On April 6, 2015, James Brown was appointed by former Mayor Jim Gray to fill the unexpired term of Chris Ford, who resigned to serve as the city’s Commissioner of Social Services. During a special election in November 2015, James was officially elected to the position of 1st District Councilmember.
A native of Lexington, Ky., James is a graduate of Paul Laurence Dunbar High School. James’ previous employment includes stints at Lexmark and GTE, before beginning a career in the automotive industry, working for 13 years at the Toyota Motor Manufacturing plant in Georgetown, Ky.
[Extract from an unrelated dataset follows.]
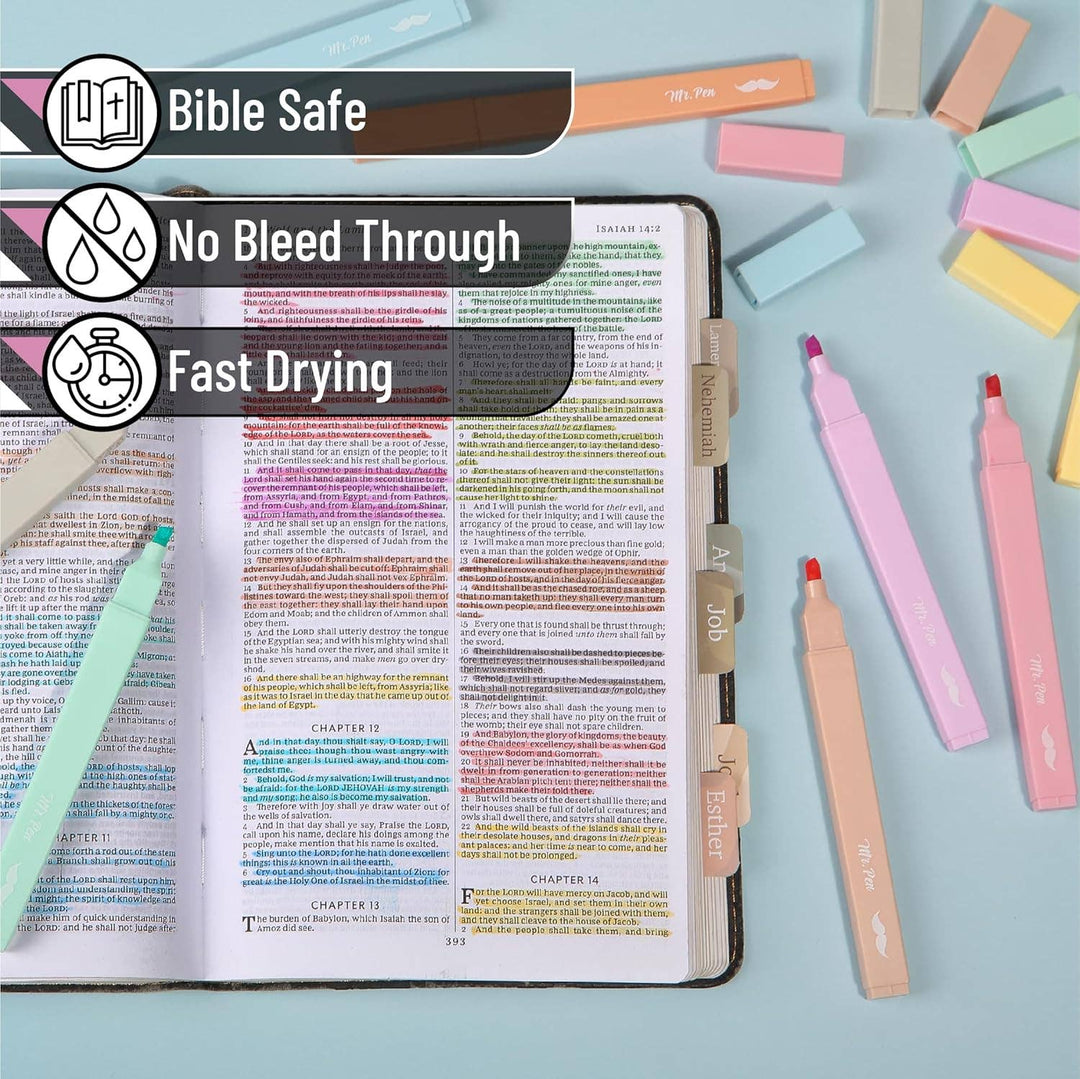 Mr. Pen - Highlighters 12 Pack Macaron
After that, James made a career change becoming a full-time real estate professional.
James is extremely passionate about service to neighborhoods and the local school system. He has served as the President of the Radcliffe–Marlboro Neighborhood Association and helped initiate several neighborhood programs. He served as President of the 16th District PTA and participated in the Fayette County Public Schools superintendent search process and the 2015 Rezoning Committee.
In the business community, James has participated in multiple community leadership programs, such as Commerce Lexington’s Leadership Central Kentucky (2011), BCTC’s Citizens’ Leadership Academy (2012) and is a Certified Tourism Ambassador through the Lexington Visitor & Tourism Bureau.
James and his wife, Charmayne, have three children.
Task Force on Neighborhoods in Transition
Purpose – To identify ways to protect vulnerable residents from the consequences of neighborhood redevelopment and transformation, with an emphasis on preserving history and the culture of communities.
District 1 map
About district 1
The first district boundaries include portions of downtown Lexington north of Main Street including, the east end neighborhood, parts of the west end and as far north as Interstate 75. Some of the major corridors in the District include Georgetown Street, Newtown Pike, Russell Cave Road, N. Limestone, N. Broadway and Midland Avenue.
The district is made up of over 15 neighborhood parks and community centers including two parks that are over 100 years old, Duncan Park and Douglass Park. Many of the District’s downtown neighborhoods are on the National Register of Historic Places such as homes on Constitution Street, Elsmere Park and in Gratz Park. Most recently, the legendary Lyric Theatre & Cultural Arts Center was renovated and reopened in 2010, as well as the Charles Young Community Center and park in 2012.
The City has adopted three small area plans in the district. Those areas include the Central Sector, the East End neighborhood and the Winburn & Russell Cave Road Neighborhoods.